Raffaele Biancolino

Personal information
- Date of birth: 14 August 1977 (age 48)
- Place of birth: Naples, Italy
- Height: 1.80 m (5 ft 11 in)
- Position: Striker

Team information
- Current team: Avellino (head coach)

Senior career*
- Years: Team / Apps / (Gls)
- 1995–1996: Giugliano / 20 / (1)
- 1996–1998: Leffe / 31 / (6)
- 1998–1999: Anagni / 27 / (13)
- 1999–2000: Renato Curi Angolana / 30 / (19)
- 2000: Ancona / 3 / (0)
- 2000–2001: Fidelis Andria / 19 / (4)
- 2001: Taranto / 2 / (1)
- 2001–2003: Chieti / 46 / (16)
- 2003–2004: Avellino / 18 / (7)
- 2004–2005: Venezia / 34 / (8)
- 2005–2007: Avellino / 65 / (35)
- 2007–2008: Messina / 30 / (11)
- 2008–2009: Juve Stabia / 20 / (7)
- 2009–2011: Cosenza / 51 / (20)
- 2011–2012: Salerno / 29 / (22)
- 2012–2014: Avellino / 32 / (10)

Managerial career
- 2019–2020: Carotenuto
- 2020: Città di Avellino
- 2022: Avellino (caretaker)
- 2024–2026: Avellino

= Raffaele Biancolino =

Italian footballer

Raffaele Biancolino (born 14 August 1977) is a former Italian footballer who played as a striker. He was most recently the head coach of club Avellino.

==Playing career==
Born in Naples, Biancolino played for lower-league clubs well into his 20s. He only appeared for a Serie B side in the 2000–01 season, playing only three months for Ancona.

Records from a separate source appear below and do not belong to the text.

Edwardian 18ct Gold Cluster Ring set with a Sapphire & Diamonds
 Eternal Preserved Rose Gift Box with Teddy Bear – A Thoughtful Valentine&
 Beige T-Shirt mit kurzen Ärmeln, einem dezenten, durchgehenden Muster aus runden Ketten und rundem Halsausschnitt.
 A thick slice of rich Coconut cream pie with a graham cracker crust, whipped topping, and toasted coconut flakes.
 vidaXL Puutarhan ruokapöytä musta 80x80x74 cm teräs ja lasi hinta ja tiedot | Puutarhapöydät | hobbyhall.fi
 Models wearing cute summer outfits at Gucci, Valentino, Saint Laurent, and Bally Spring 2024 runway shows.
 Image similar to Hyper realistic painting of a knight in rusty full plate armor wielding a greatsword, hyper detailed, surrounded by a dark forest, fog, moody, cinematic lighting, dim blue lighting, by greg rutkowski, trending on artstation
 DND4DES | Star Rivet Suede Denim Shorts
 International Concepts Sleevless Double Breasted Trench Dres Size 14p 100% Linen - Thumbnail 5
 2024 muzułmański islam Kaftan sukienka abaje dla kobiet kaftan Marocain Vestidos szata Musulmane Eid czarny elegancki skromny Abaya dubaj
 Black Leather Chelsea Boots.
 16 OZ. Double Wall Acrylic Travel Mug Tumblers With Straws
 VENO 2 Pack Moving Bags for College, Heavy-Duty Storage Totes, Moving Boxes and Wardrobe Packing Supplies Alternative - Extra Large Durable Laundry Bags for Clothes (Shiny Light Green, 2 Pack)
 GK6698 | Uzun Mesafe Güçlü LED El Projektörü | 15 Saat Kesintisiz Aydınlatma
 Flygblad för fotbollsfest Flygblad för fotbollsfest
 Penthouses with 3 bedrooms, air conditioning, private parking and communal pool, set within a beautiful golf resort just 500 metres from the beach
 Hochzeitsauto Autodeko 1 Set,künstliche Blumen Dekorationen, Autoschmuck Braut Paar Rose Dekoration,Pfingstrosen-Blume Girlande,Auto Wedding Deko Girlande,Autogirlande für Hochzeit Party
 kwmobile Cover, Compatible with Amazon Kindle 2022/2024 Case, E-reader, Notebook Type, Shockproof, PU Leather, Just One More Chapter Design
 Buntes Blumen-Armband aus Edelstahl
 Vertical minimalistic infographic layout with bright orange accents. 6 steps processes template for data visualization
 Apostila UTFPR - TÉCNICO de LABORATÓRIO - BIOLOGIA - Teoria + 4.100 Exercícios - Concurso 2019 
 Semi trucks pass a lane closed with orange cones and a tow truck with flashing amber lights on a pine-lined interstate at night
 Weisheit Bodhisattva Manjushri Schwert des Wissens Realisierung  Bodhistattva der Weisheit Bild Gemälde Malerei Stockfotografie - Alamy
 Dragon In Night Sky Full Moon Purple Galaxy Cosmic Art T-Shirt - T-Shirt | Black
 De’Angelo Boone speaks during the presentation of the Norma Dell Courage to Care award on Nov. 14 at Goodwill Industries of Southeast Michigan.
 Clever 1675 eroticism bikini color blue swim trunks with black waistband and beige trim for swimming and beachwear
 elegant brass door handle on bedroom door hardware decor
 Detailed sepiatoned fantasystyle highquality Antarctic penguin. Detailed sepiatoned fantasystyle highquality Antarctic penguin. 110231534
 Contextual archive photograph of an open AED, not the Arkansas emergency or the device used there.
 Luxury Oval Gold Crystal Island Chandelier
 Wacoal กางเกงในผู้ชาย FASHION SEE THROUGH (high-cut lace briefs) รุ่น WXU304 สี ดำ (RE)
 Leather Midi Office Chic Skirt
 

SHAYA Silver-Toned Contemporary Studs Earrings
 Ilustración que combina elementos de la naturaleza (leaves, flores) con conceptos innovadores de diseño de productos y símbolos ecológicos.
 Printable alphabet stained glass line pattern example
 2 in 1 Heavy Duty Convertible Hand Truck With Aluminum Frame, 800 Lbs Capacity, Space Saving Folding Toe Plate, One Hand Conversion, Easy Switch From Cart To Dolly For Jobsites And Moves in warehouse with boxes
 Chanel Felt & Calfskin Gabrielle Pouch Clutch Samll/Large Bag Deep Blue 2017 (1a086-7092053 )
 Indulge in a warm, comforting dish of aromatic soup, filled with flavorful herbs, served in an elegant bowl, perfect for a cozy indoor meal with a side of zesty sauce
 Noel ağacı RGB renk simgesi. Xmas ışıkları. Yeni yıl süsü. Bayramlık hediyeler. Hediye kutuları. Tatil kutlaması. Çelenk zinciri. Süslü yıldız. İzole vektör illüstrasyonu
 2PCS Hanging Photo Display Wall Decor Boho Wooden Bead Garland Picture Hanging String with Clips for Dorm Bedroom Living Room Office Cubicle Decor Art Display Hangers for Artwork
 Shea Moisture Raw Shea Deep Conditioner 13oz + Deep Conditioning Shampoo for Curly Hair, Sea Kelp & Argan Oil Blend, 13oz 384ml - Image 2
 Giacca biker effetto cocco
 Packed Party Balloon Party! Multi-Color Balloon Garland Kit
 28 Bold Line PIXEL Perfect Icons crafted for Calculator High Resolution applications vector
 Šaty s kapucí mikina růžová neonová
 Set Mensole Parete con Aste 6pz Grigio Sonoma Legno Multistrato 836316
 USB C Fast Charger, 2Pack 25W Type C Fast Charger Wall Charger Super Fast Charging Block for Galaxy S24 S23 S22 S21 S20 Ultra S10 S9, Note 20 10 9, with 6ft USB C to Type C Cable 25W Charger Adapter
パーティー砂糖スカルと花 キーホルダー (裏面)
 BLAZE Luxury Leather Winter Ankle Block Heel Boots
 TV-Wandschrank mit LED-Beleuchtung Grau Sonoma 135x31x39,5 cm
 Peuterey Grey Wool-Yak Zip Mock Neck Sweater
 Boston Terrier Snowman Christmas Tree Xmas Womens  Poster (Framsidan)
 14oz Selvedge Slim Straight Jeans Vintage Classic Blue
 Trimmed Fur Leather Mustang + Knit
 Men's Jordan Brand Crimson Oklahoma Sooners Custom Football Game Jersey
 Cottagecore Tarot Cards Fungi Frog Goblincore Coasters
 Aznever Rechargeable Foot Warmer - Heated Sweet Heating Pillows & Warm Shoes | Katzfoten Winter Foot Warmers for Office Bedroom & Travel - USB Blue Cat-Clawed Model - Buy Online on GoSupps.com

After returning to Serie C1, Biancolino joined Avellino in January 2003 and helped the side return to the second level. However, after being sparingly used at the start of the 2003–04 season, he moved to fellow second-divisioner Venezia in January 2004. Biancolino remained in the second and third levels in the following seasons, representing former side Avellino, Messina (being his side's top scorer in his only season at the club), Juve Stabia and Cosenza.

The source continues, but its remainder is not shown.